Diffamierungen, Pöbelattacken, falsche Behauptungen: Dem Verleger von "The Sun Chronicle" reicht es. Die Zeitung verlangt für Posts 99 Cent.

Im Frühjahr reichte es Oreste D’Arconte endgültig. Schon seit ein paar Jahren hatte sich der Verleger mitangesehen, wie Leser auf der Website seiner Zeitung "The Sun Chronicle", die im US-Staat Massachusetts erscheint, Kommentare schrieben, in denen sie die Redakteure oder die im Artikel beschrieben Personen beleidigten, falsche Behauptungen aufstellten oder pöbelten, weil es ihnen gerade eben so passte.

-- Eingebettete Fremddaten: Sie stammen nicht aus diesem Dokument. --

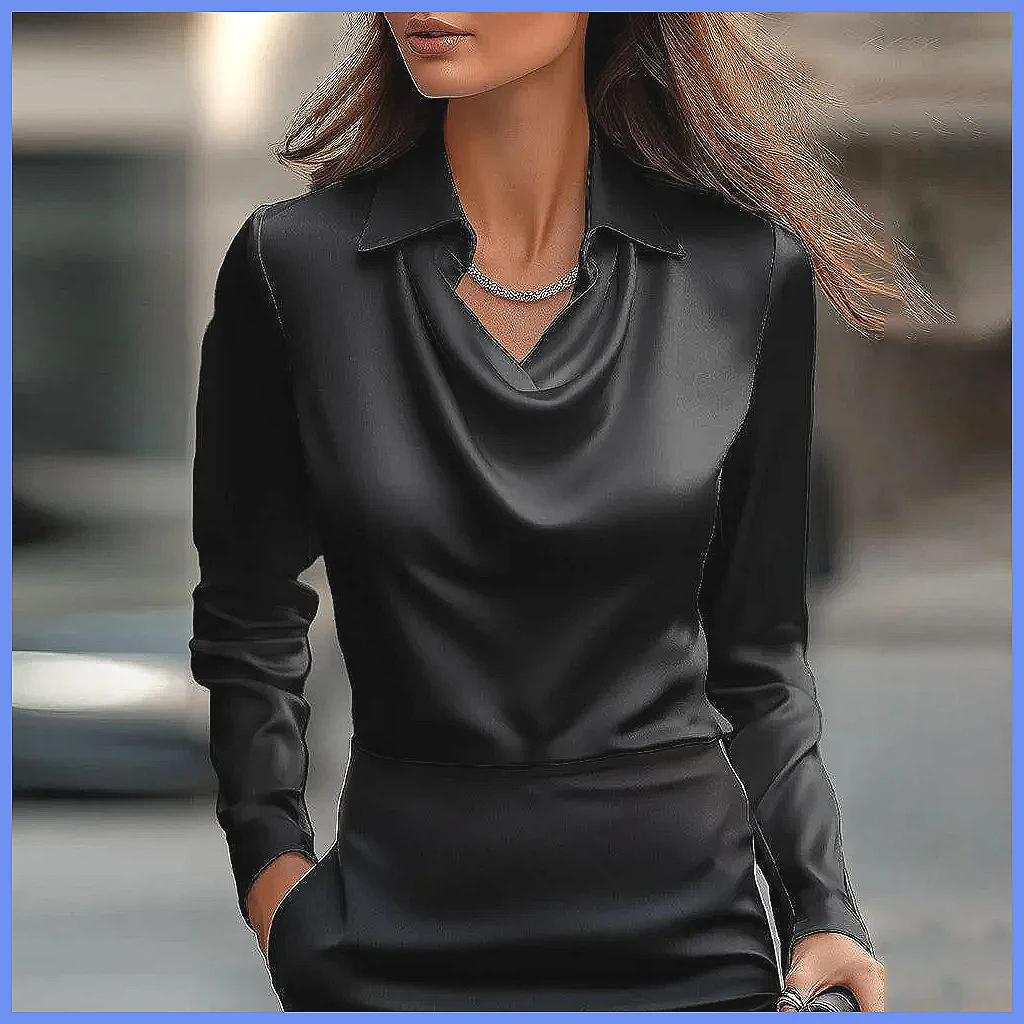 Blusa Vintage de Satén para Mu - Silk Blouse Button reseña y precio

Belangen konnte er keinen der Verfasser, denn alle der rund 6000 registrierten Kommentatoren schrieben anonym. Heute gibt es beim "Chronicle" nur noch 18 registrierte Kommentatoren. Sie alle schreiben unter ihrem richtigen Namen – und zahlen dafür auch noch Geld: 99 Cent.

Damit ist "The Sun Chronicle", die nach eigenen Angaben eine verkaufte Auflage von 16 000 Exemplaren hat und monatlich 400 000 Visits auf ihrer Website verzeichnet, weltweit wohl die einzige Zeitung, die von ihren Lesern Geld für Kommentare unter Online-Artikeln verlangt. Ein Schritt, mit dem sie kein geringes Risiko eingeht: Denn eigentlich dient die Kommentarfunktion bei einer Zeitung auch dazu, besser mit den Lesern zu interagieren und sie enger an sich zu binden. Diesen Nutzen sieht zwar auch D’Arconte, doch er meint, dass die Leser die Verhaltensweisen im Netz unter dem Schutz der Anonymität eklatant missachtet hätten.

Diesen „Exzessen der Vergangenheit“ will der Verleger mit dem Bezahlmodell nun ein Ende setzen. Eine Arbeitsgruppe hat es entwickelt, nachdem die Kommentarfunktion seit April komplett abgeschaltet war. Seit vergangenem Mittwoch nun müssen die Kommentatoren für ihre Posts eine Gebühr von 99 Cent per Kreditkarte zahlen, bei Veröffentlichung werden ihr Name und Wohnort angegeben. Zugleich müssen sie zustimmen, dass sie für den Inhalt ihrer Kommentare rechtlich verantwortlich sind. Auch wenn die Zahl der registrierten Kommentatoren erheblich eingebrochen ist, fürchtet D’Arconte keinen Schaden für sein Blatt. "Selbst wenn wir einen kleinen Rückgang bei Klickzahlen auf unserer Website haben, werde die Leute jetzt sicher nicht aufhören, die Zeitung zu lesen", sagt er.